**Exercise aim**: Repeat exactly the lines below from the line that contains "戊辰甲辰八字女命,戊辰与甲辰" to the last line, inclusive, without the pictures.

Caption-style text data:
*** Block opens ***

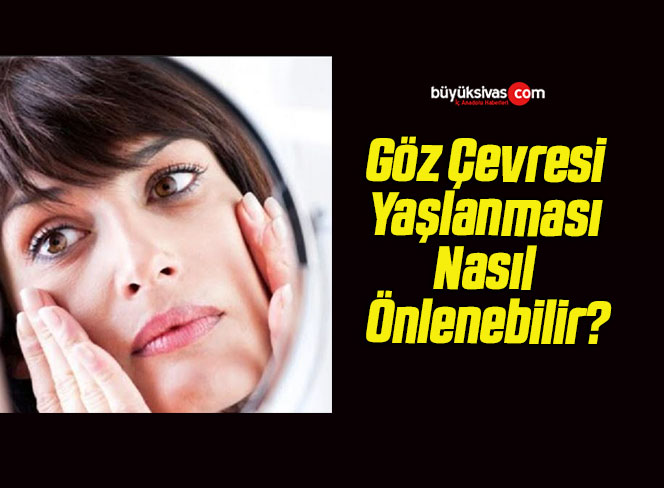 Göz Çevresi Yaşlanması Nasıl Önlenebilir?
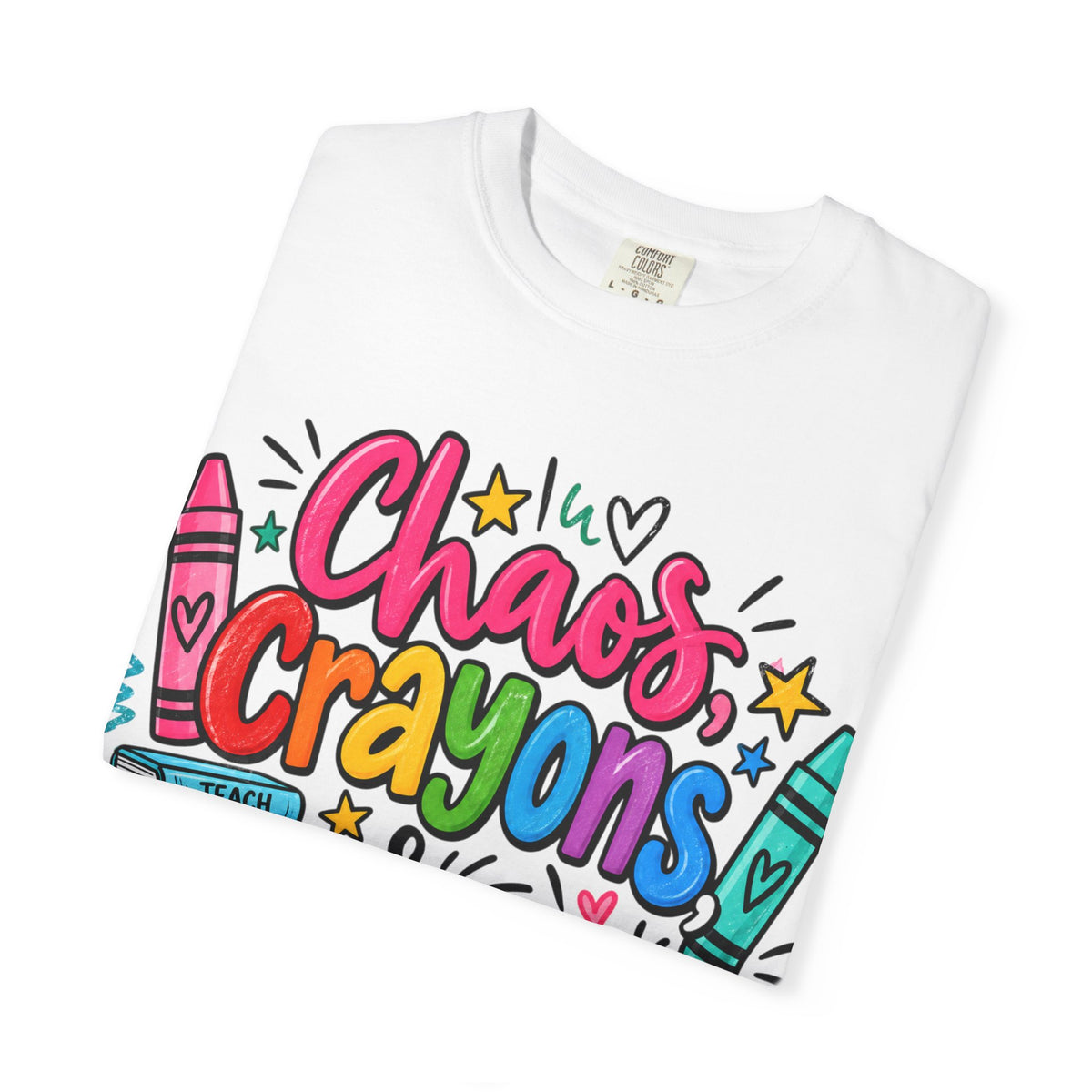 Chaos Crayons & Confidence T-shirt | Colorful Crayon School Art Tee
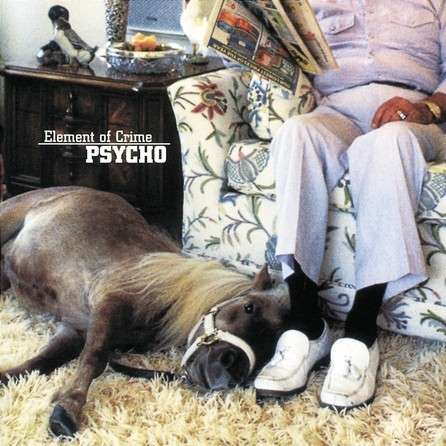 Element Of Crime: Psycho (180g), LP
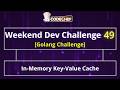 In-Memory Key-Value Cache | Weekend Dev 49 | Golang Projects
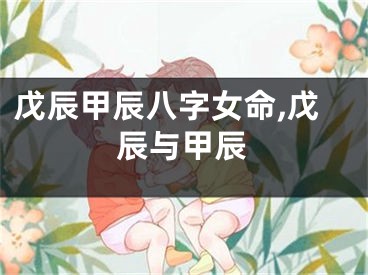 戊辰甲辰八字女命,戊辰与甲辰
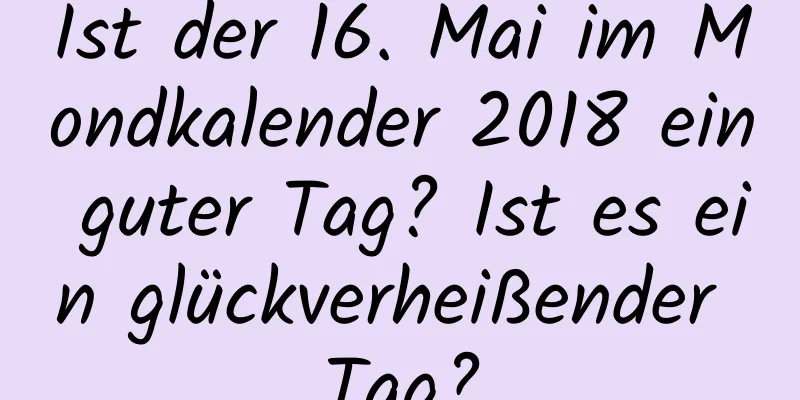 Ist der 16. Mai im Mondkalender 2018 ein guter Tag? Ist es ein glückverheißender Tag?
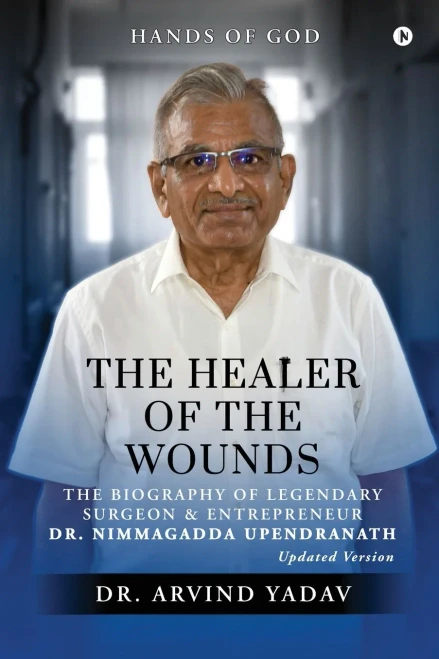 The Healer of the Wounds: The Biography of Legendary Surgeon and Entrepreneur Dr. Nimmagadda Upendranath - (Paperback or Softback)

*** Block closes ***

**Reply to the task**:
 戊辰甲辰八字女命,戊辰与甲辰
 Ist der 16. Mai im Mondkalender 2018 ein guter Tag? Ist es ein glückverheißender Tag?
 The Healer of the Wounds: The Biography of Legendary Surgeon and Entrepreneur Dr. Nimmagadda Upendranath - (Paperback or Softback)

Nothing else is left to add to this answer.